Trends in U.S. family income mobility, 1969-2006

2012 paper by the Federal Reserve Bank of Boston on trends in family income mobility in the United States over the past 40 years.

The American Dream is predicated on the belief that, through hard work and perseverance, people can move up the economic ladder. Annual earnings inequality declined from 1937 until 1953 — the postwar era economic boom often referred to as “the Great Compression” — but has steadily risen ever since, with the rate of inequality significantly increasing between 1980 and 2004. Recent government analysis suggests the problem of income inequality has become acute.

A 2011 paper by the Federal Reserve Bank of Boston, “Trends in U.S. Family Income Mobility, 1969-2006,” used data from the Panel Study of Income Dynamics to analyze trends among U.S. working-aged family heads and their spouses over recent decades.
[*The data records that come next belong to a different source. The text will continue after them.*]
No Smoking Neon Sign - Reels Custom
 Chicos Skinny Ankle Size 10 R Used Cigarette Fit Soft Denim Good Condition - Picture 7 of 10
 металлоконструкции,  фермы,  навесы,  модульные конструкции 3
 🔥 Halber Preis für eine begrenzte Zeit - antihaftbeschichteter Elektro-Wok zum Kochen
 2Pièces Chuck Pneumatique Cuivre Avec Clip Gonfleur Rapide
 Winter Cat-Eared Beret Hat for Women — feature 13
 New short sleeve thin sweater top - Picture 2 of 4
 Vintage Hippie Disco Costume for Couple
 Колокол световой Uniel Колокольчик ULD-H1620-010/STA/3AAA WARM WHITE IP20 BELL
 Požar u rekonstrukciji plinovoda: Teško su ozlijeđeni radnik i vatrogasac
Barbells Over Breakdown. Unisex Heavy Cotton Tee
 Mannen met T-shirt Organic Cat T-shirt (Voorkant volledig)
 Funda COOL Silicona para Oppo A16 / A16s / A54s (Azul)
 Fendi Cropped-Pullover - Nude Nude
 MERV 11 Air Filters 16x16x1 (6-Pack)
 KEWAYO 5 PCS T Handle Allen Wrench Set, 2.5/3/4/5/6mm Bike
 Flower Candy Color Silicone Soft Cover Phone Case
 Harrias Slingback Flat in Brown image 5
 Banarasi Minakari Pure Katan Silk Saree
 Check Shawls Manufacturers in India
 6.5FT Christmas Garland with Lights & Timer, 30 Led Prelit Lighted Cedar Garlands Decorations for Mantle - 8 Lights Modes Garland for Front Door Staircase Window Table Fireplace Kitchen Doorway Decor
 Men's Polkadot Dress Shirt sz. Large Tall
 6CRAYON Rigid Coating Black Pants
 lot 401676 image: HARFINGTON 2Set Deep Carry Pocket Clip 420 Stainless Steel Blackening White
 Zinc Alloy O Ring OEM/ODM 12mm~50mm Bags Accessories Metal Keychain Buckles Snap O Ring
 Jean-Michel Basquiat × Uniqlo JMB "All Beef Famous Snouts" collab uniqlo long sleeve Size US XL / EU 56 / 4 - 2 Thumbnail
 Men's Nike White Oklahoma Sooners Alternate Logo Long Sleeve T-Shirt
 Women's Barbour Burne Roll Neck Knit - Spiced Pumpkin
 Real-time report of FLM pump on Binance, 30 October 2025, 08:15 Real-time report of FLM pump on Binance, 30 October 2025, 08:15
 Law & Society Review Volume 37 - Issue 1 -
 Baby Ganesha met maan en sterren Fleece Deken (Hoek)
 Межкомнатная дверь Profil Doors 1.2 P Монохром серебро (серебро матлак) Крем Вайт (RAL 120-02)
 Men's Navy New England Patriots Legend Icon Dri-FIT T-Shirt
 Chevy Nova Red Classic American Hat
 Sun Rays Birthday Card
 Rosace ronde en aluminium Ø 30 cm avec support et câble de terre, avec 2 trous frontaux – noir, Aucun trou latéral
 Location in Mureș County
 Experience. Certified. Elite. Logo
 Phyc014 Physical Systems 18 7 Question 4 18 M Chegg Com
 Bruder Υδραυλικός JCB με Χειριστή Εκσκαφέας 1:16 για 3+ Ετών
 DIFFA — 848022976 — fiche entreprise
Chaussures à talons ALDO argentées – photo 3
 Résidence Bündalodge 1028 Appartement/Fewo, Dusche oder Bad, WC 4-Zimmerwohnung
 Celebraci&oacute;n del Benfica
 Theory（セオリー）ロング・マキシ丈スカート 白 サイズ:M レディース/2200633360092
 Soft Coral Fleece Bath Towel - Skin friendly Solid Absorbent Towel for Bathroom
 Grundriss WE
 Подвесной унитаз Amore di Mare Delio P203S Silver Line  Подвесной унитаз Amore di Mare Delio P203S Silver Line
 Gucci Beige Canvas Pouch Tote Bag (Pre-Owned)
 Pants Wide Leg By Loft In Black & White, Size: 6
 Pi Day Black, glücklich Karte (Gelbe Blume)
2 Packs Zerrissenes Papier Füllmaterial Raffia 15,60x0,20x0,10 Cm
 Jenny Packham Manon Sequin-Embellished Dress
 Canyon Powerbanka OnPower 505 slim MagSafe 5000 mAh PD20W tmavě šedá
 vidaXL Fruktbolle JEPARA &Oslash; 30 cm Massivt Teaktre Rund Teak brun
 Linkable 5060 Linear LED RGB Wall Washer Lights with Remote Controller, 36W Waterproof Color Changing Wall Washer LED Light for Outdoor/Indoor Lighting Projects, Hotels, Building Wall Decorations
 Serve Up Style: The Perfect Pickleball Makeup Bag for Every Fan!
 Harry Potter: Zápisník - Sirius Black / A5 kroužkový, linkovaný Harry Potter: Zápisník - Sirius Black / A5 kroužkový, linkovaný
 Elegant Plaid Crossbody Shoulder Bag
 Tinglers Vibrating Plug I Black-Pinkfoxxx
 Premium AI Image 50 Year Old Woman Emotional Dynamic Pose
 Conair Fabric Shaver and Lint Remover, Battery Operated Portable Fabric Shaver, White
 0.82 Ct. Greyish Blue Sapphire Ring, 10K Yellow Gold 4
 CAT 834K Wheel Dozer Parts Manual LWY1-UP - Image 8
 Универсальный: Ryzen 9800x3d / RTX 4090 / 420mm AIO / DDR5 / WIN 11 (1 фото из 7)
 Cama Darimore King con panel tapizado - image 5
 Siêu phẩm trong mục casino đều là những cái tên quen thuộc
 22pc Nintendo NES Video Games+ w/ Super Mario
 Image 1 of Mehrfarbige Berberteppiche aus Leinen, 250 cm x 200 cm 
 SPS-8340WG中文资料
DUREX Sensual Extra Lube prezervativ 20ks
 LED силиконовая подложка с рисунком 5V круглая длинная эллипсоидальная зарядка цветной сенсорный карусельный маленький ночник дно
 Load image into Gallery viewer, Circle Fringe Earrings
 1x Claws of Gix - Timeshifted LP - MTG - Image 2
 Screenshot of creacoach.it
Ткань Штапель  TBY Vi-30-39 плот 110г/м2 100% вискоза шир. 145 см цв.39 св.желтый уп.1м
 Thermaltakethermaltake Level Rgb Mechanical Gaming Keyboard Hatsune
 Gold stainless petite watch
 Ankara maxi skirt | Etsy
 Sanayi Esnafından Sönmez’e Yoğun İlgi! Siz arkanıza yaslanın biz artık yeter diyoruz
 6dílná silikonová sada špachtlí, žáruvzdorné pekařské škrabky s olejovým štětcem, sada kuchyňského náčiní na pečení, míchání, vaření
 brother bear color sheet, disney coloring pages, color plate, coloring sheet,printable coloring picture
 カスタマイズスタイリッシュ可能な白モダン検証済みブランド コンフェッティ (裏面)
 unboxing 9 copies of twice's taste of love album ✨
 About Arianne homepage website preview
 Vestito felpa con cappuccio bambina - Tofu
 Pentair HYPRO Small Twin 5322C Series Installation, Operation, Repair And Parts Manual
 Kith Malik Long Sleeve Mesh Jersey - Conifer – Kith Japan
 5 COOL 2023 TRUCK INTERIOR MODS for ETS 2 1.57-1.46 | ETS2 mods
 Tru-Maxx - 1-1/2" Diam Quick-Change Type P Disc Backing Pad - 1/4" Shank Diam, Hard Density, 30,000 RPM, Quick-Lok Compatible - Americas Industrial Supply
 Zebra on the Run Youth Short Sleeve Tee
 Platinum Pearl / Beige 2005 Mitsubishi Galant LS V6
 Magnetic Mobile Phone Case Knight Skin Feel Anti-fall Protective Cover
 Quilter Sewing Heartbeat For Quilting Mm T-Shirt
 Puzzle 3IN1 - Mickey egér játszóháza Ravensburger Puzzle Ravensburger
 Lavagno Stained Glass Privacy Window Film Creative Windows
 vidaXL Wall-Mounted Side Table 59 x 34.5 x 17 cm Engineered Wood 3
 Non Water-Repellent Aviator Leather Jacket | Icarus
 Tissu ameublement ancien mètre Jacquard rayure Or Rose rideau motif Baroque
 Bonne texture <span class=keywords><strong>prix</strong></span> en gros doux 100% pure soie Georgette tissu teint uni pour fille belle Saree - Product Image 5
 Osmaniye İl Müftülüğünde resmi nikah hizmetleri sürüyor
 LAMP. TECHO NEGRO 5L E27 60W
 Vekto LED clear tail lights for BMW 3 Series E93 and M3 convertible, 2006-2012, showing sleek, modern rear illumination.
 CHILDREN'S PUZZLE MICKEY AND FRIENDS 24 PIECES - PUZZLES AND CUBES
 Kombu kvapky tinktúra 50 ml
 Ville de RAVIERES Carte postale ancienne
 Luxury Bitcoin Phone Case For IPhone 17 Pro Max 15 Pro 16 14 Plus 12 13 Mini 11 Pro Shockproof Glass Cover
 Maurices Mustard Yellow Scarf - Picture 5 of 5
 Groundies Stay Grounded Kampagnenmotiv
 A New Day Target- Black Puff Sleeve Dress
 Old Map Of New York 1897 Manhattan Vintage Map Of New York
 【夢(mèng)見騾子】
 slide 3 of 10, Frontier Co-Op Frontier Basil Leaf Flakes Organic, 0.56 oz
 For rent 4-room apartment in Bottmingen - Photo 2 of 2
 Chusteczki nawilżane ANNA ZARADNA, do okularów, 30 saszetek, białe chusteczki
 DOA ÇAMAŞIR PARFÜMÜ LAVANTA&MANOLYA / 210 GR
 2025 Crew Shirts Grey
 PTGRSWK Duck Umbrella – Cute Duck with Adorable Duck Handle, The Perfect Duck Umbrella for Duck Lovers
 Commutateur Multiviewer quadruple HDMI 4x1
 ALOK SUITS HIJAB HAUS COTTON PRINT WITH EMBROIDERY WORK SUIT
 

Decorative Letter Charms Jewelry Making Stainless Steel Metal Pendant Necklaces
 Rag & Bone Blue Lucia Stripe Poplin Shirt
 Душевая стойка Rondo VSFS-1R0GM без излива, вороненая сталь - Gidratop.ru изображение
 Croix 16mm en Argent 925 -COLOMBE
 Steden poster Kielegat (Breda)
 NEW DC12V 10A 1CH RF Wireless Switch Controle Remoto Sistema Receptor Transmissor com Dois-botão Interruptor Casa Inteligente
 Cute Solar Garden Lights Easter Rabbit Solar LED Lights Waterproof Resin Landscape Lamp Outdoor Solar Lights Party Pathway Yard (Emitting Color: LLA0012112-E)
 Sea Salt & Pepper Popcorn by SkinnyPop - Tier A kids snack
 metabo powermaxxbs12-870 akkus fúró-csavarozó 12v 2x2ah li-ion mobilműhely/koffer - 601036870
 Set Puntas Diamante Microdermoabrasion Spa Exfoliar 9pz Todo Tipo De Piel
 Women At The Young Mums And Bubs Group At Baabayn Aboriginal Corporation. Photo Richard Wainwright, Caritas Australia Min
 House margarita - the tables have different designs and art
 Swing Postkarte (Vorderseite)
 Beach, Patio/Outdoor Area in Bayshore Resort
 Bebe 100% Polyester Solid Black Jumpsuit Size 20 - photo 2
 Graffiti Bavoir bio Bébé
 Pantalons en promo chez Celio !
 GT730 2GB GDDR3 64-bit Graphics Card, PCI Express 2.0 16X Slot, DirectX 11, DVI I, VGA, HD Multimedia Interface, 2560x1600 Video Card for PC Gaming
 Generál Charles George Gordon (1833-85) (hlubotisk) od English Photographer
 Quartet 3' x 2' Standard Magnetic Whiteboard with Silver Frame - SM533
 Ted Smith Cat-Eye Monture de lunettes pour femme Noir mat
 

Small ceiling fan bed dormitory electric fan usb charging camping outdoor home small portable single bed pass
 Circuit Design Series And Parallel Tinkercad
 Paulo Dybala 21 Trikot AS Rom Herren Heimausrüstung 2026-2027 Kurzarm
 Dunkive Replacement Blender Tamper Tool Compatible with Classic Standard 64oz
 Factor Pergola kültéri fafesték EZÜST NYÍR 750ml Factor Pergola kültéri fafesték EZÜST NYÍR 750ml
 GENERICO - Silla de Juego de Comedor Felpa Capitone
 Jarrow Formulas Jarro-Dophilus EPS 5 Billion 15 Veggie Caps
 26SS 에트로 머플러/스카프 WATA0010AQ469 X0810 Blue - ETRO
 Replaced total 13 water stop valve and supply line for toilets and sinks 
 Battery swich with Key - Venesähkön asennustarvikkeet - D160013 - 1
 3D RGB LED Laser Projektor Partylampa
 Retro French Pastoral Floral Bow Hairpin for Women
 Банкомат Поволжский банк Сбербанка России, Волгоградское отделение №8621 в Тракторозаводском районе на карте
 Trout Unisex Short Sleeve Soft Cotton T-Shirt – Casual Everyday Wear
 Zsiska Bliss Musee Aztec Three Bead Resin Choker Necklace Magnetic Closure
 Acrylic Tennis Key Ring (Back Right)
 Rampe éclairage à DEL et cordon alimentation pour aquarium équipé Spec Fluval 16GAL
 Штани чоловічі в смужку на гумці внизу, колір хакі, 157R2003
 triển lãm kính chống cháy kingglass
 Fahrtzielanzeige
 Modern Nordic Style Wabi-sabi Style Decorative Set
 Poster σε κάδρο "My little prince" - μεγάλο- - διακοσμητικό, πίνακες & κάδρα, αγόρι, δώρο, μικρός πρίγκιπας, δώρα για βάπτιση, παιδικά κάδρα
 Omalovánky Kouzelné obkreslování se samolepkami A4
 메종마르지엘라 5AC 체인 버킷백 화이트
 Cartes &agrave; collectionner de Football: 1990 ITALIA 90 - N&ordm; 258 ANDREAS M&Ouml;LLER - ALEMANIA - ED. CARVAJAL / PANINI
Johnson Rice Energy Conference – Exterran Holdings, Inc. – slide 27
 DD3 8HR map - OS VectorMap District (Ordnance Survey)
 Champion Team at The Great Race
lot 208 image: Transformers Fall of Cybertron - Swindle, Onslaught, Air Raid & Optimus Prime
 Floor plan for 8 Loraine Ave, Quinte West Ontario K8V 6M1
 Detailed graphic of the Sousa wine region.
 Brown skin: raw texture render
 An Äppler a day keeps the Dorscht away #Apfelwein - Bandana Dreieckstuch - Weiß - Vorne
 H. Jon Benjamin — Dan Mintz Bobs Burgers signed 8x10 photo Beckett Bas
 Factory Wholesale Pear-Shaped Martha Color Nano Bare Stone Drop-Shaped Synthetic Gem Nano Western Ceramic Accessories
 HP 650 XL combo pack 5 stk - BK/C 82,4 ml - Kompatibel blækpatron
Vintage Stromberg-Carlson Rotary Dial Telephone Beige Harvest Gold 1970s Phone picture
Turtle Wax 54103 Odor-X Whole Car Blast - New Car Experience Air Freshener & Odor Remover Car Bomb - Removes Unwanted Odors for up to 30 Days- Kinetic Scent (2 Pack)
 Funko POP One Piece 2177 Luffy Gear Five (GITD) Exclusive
The paper’s findings include:

  • Upward mobility — defined as a family moving up 10% in terms of their income — has been decreasing over the decades: 79% moved up in the 1980s, 77% in the 1990s, and the continuing trend line continues to go downward.
  • The mobility of families in the bottom 20% of income has decreased from 50% to 46% over this time. While this change may seem small, even unchanged mobility leads to widening inequality of long-term incomes.
  • “Data on those in the top and bottom 20% show lower absolute pre-government income mobility for the poorest Americans and higher absolute pre-government income mobility for the richest.”
  • As for policy’s role, the author notes, it “appears that increasingly redistributive U.S. tax and transfer policies may have enhanced family income mobility from the 1970s into the 1980s, but then had decreasing impact as tax rates were reduced after 1981 (and intermittently thereafter). Beyond overall patterns, the data indicate that the typical individual in the poorest one-fifth of the family income distribution is less likely to move up beyond that group’s real dollar ceiling within a decade than it was 15 to 20 years earlier.”

“These facts suggest,” the paper’s author concludes, “that policy remedies for those at the bottom should aim beyond short-term help, as those who are poor at any point in time are now likely to have low long-term incomes.”